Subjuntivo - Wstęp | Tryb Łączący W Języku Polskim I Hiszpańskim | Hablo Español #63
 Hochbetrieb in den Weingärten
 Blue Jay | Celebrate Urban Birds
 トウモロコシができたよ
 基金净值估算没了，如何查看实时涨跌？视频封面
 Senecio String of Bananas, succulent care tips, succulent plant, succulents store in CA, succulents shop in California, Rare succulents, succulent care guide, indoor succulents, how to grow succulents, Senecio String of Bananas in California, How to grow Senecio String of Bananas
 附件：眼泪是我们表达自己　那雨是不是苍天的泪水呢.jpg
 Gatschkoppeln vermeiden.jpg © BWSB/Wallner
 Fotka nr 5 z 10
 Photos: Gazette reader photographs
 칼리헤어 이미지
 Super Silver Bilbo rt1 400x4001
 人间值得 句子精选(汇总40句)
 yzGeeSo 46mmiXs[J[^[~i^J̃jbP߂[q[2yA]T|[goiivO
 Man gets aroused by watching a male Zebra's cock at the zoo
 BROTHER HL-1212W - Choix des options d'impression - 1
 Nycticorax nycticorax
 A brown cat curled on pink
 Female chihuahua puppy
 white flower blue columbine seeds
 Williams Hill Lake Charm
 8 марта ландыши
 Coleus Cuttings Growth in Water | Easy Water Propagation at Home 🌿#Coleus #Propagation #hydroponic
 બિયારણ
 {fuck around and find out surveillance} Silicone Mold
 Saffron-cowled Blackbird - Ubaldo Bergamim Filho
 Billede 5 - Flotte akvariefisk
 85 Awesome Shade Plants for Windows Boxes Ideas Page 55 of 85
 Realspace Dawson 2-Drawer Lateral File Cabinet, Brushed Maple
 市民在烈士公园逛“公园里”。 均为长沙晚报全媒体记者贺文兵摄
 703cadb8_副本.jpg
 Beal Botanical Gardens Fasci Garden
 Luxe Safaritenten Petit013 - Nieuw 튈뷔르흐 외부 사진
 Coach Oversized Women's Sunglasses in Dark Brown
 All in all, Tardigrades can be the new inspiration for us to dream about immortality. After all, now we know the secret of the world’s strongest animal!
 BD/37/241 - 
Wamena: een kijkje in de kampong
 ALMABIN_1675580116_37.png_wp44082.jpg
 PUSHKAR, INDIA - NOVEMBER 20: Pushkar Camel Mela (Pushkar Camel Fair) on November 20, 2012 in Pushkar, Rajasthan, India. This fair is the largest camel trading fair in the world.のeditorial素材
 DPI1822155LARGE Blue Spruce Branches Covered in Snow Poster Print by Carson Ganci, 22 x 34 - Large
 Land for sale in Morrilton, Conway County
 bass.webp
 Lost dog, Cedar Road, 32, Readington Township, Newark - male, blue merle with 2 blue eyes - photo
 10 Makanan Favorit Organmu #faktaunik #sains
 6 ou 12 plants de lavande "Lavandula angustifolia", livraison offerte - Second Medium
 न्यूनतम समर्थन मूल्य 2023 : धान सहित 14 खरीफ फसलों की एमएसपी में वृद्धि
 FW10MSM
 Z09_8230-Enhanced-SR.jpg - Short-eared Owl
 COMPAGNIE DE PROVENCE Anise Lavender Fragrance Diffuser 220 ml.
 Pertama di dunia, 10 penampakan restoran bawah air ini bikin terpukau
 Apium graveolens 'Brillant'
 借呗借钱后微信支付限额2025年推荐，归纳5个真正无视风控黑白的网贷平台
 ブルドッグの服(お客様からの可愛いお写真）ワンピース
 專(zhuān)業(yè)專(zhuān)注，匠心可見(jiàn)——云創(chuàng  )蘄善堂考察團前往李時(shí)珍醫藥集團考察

········

Copy every line where the word "world" is present in the entries above.

 All in all, Tardigrades can be the new inspiration for us to dream about immortality. After all, now we know the secret of the world’s strongest animal!
 PUSHKAR, INDIA - NOVEMBER 20: Pushkar Camel Mela (Pushkar Camel Fair) on November 20, 2012 in Pushkar, Rajasthan, India. This fair is the largest camel trading fair in the world.のeditorial素材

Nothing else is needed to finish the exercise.